American Manhunt: The Boston Marathon Bombing is the Most Netflix Documentary This Year

Netflix decided on Thursday night when it realized I hadn’t watched American Manhunt: The Boston Marathon Bombing to push a notification to my phone that it was available. I knew how I’d be spending my working day on Friday. This is the kind of documentary I knew could turn into a pleasant watch or a disaster because of how little new information it may offer.

I had already seen The Murders Before the Marathon a few weeks ago and while that covers the triple homicide possibly related to this terrorist attack, the first episode was largely about the bombing. American Manhunt had the disadvantage of me being a day removed from watching Missing Kenley, a new favorite of mine. I want to be a harsh yet fair critic of these documentaries. 

Only a few minutes into American Manhunt, I pretty much knew what I was getting. This was another Waco: American Apocalypse in every way possible. Let’s discuss.

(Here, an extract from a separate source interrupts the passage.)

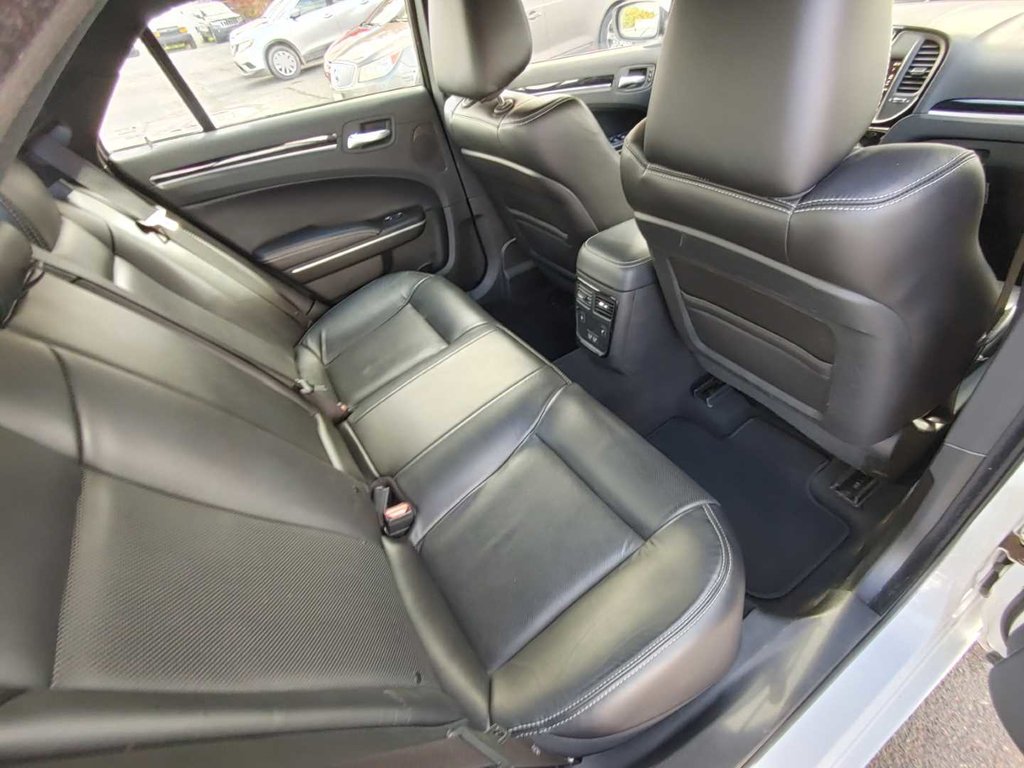 Chrysler 300 S | Leather | Roof | Cam | Warranty to 2028 2023 à Saint John, Nouveau-Brunswick - 33 - w1024h768px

American Manhunt: The Boston Marathon Bombing is the most Netflix documentary there is

Netflix’s true crime documentaries have a certain flair and flash to them. It doesn’t matter what language it is. It’s a working formula. I tend to like many of the documentaries they put out but rarely really love any because of how predictable they are. Many of the newer documentaries Netflix has done also cover well-known cases. What I got from The Murders Before the Marathon was a deeper dive into a much lesser known part of the Tsarnaev Brothers. This was a Hulu documentary which means it took a few more risks. American Manhunt doesn’t take any.

If you’ve seen Waco: American Apocalypse about the Branch Davidians you’ll know exactly what to expect from this. They tell a story many of us already know but wisely skip over some of the nonsense we don’t need. Not all that much is brought up about the Tsarnaev Brothers other than a few points about their backgrounds. What I really liked about The Murders Before the Marathon was how it focused so much on Tamerlan and why he felt like he needed to kill. Dzhokhar wasn’t in that documentary much because he wasn’t allegedly involved in the triple murder. I thought American Manhunt could’ve gone a little more into his life. All we get are friends talking about how they never would have thought he’d do something like this and then other people saying he was lying about his good grades and selling drugs.

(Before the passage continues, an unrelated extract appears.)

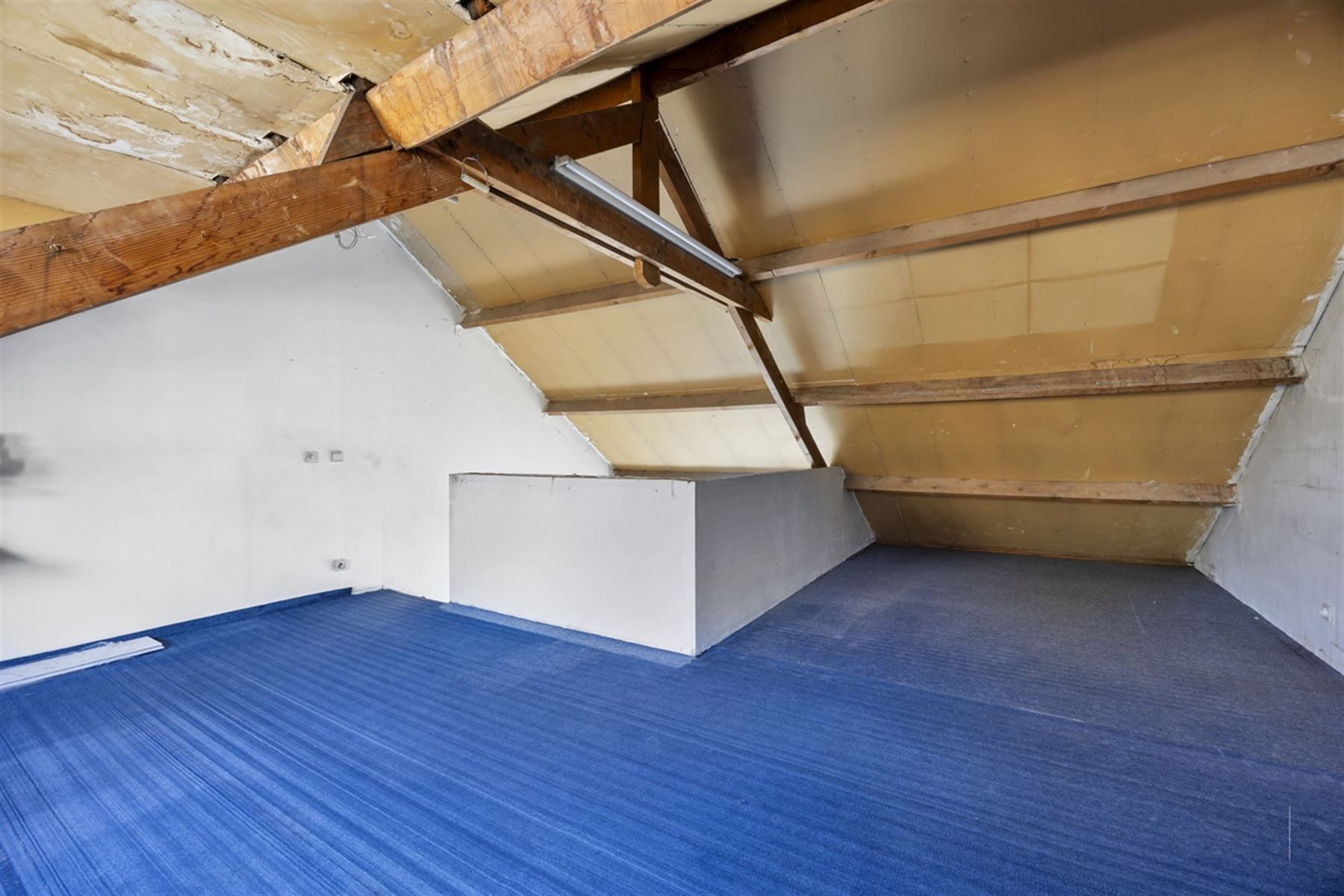 Karaktervolle herenwoning met 3 slaapkamers én enorme garage foto 17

There was plenty of good to come from American Manhunt. We see a ton of footage. From the moment the bombings go off through the death of Tamerlan to the capture of Dzhokhar, there’s footage of it all.

Conveniently, Netflix released the documentary almost 10 years to the day after the bombing took place. They did the same with the Waco documentary but around the 30th anniversary. It’s probably what we’ll see plenty of as they continue to churn these out.

American Manhunt was a good yet not great documentary. It grazed the surface of everything I wanted to learn about the two brothers, their families, and even the victims. The focus in this documentary was the literal manhunt. Unfortunately, I felt like viewers who don’t know more about their background might feel like something was missing.

I would recommend American Manhunt: The Boston Marathon Bombing to fans of documentaries like this. You’ll especially like it if you enjoy people being introduced with large text on either side of their head and their backs turned to the screen. Literally everyone they have talk on camera is introduced this way. If that’s your thing, you’re going to love it!

Overall Score: 8 out of 10

This was good for what it was. You won’t learn much but seeing the footage and hearing from the law enforcement that took them down gave a one-of-a-kind perspective.